CRAFT-Pyotorch:Character Region Awareness for Text Detection Reimplementation for Pytorch

Overview

CRAFT-Reimplementation

Note:If you have any problems, please comment. Or you can join us weChat group. The QR code will update in issues #49 .

Reimplementation:Character Region Awareness for Text Detection Reimplementation based on Pytorch

Character Region Awareness for Text Detection

Youngmin Baek, Bado Lee, Dongyoon Han, Sangdoo Yun, Hwalsuk Lee (Submitted on 3 Apr 2019)

The full paper is available at: https://arxiv.org/pdf/1904.01941.pdf

Install Requirements:

1、PyTroch>=0.4.1
2、torchvision>=0.2.1
3、opencv-python>=3.4.2
4、check requiremtns.txt
5、4 nvidia GPUs(we use 4 nvidia titanX)

pre-trained model:

NOTE: There are old pre-trained models, I will upload the new results pre-trained models' link.
Syndata:Syndata for baidu drive || Syndata for google drive
Syndata+IC15:Syndata+IC15 for baidu drive || Syndata+IC15 for google drive
Syndata+IC13+IC17:Syndata+IC13+IC17 for baidu drive|| Syndata+IC13+IC17 for google drive

Training

Note: When you train the IC15-Data or MLT-Data, please see the annotation in data_loader.py line 92 and line 108-112.

Train for Syndata

  • download the Syndata(I will give the link)
  • change the path in basernet/vgg16_bn.py file:

(/data/CRAFT-pytorch/vgg16_bn-6c64b313.pth -> /your_path/vgg16_bn-6c64b313.pth).You can download the model here.baidu||google

  • change the path in trainSyndata.py file:

(1、/data/CRAFT-pytorch/SynthText -> /your_path/SynthText 2、/data/CRAFT-pytorch/synweights/synweights -> /your_path/real_weights)

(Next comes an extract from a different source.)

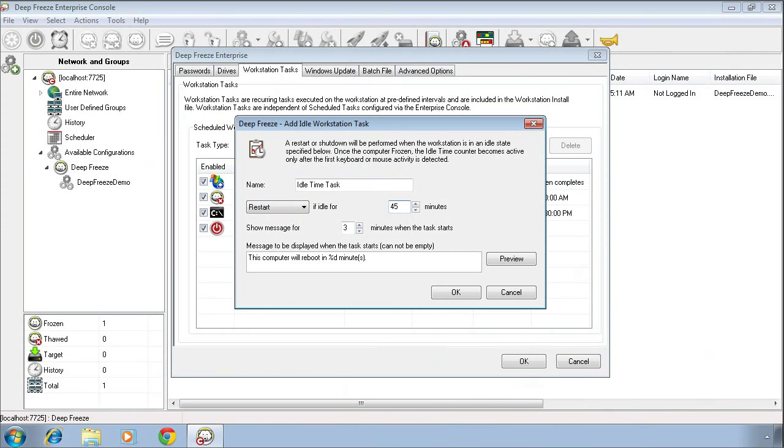The restart if idle task allows you to simply say, if the keyboard and mouse haven't been touched, as an example, for 45 minutes on this computer, let's take advantage of that opportunity to restart the system and provide a clean environment for the next user who might want to use that computer.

  • Run python trainSyndata.py

Train for IC15 data based on Syndata pre-trained model

  • download the IC15 data, rename the image file and the gt file for ch4_training_images and ch4_training_localization_transcription_gt,respectively.
  • change the path in basernet/vgg16_bn.py file:

(/data/CRAFT-pytorch/vgg16_bn-6c64b313.pth -> /your_path/vgg16_bn-6c64b313.pth).You can download the model here.baidu||google

  • change the path in trainic15data.py file:

(1、/data/CRAFT-pytorch/SynthText -> /your_path/SynthText 2、/data/CRAFT-pytorch/real_weights -> /your_path/real_weights)

  • change the path in trainic15data.py file:

(1、/data/CRAFT-pytorch/1-7.pth -> /your_path/your_pre-trained_model_name 2、/data/CRAFT-pytorch/icdar1317 -> /your_ic15data_path/)

  • Run python trainic15data.py

Train for IC13+17 data based on Syndata pre-trained model

  • download the MLT data, rename the image file and the gt file,respectively.
  • change the path in basernet/vgg16_bn.py file:

(/data/CRAFT-pytorch/vgg16_bn-6c64b313.pth -> /your_path/vgg16_bn-6c64b313.pth).You can download the model here.baidu||google

  • change the path in trainic-MLT_data.py file:

(1、/data/CRAFT-pytorch/SynthText -> /your_path/SynthText 2、savemodel path-> your savemodel path)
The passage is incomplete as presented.